What that trajectory means:

  • Today’s cutting-edge models: tens to hundreds of millions of dollars
  • By 2027-2028: individual training runs could hit $1 billion
  • Physical AI models, with vastly larger data needs: potentially much more

It is true that the increasing data and compute requirements to train a frontier model is being offset by:

  1. Hardware efficiency: GPU costs per FLOP keep dropping, and companies like NVIDIA and AMD keep pushing specialized AI chips forward
  2. Algorithm improvements: Better training techniques, smarter architectures, more efficient optimization

Yes, both of those help. However, the past data suggests that they alone have not yet offset the massive costs of training & running LLM models. Since AI has now become a thing of an arms race for both the businesses & and governments, the ballooning costs will not deter more R&D and investments unless it becomes financially not feasible to continue.

What I think this means

Given the continuously, exponentially increasing data and compute requirement, I think we may see a new layer of infrastructure for Physical AI. In the past, every major tech shift needs new infrastructure. The internet needed fiber optics. Cloud computing needed data centers. EVs need charging networks. What will be the new infrastructure layer for Physical AI?

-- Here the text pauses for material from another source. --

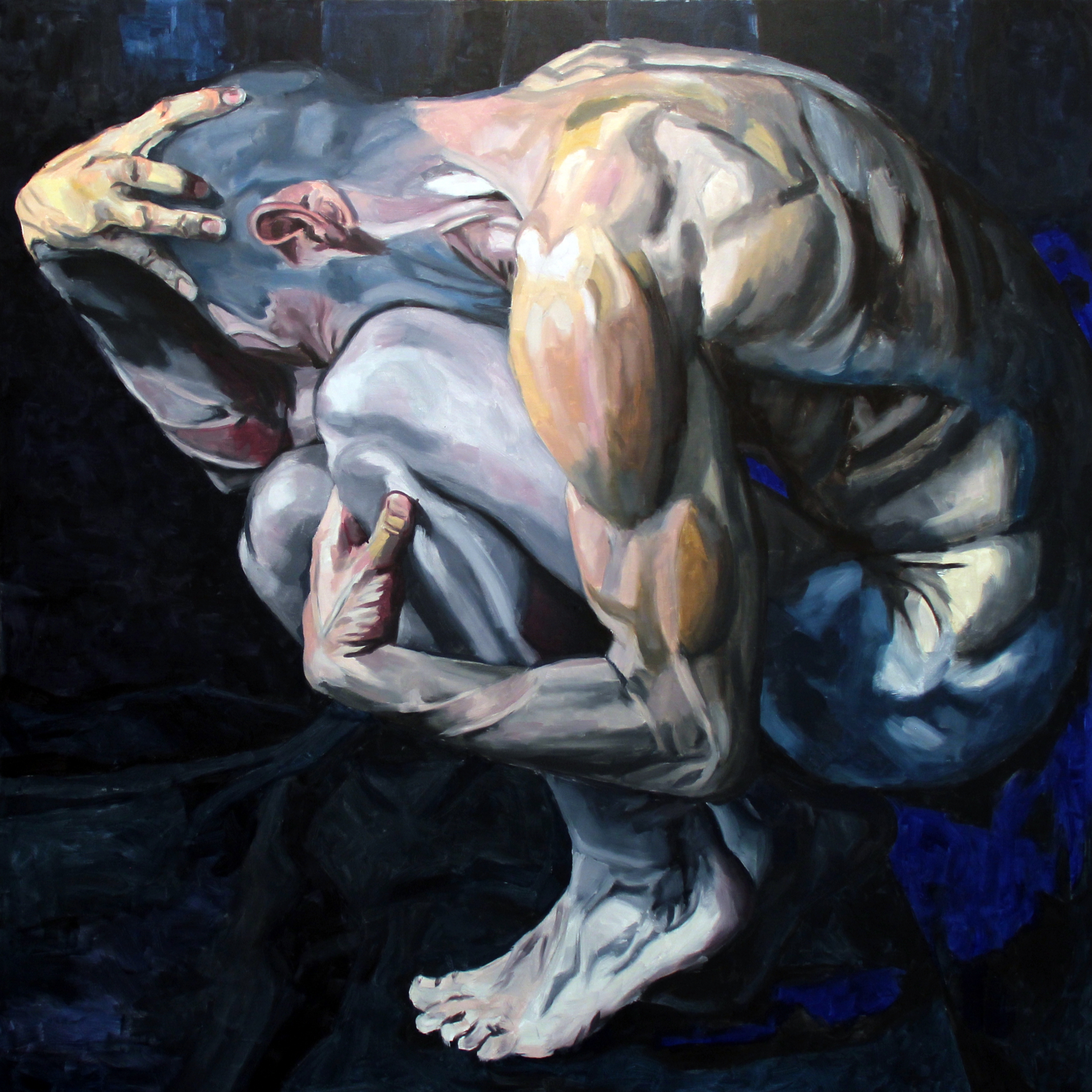 Artwork Figure by Sina Boroumand sabet Artwork Figure by Sina Boroumand sabet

If the size of data is the real limiting factor, here are some ideas:

  • Compression algorithms that understand 3D structure, that can provide real-time compression & streaming
  • Preprocessing that removes redundancy without losing information
  • Data format optimization across different platforms

I’m seeing some signs of why these may become critical:

  • NVIDIA’s Cosmos platform (launched January 2025) explicitly highlights efficient data representation
  • Amazon runs 1 million+ warehouse robots, generating petabytes of training data daily
  • Autonomous vehicle companies process sensor data from thousands of vehicles continuously
  • Manufacturing facilities or specialized industries such as healthcare will require highly accurate and constantly updating digital twins

But of course, this is all based on the assumption that current trends will continue to hold true.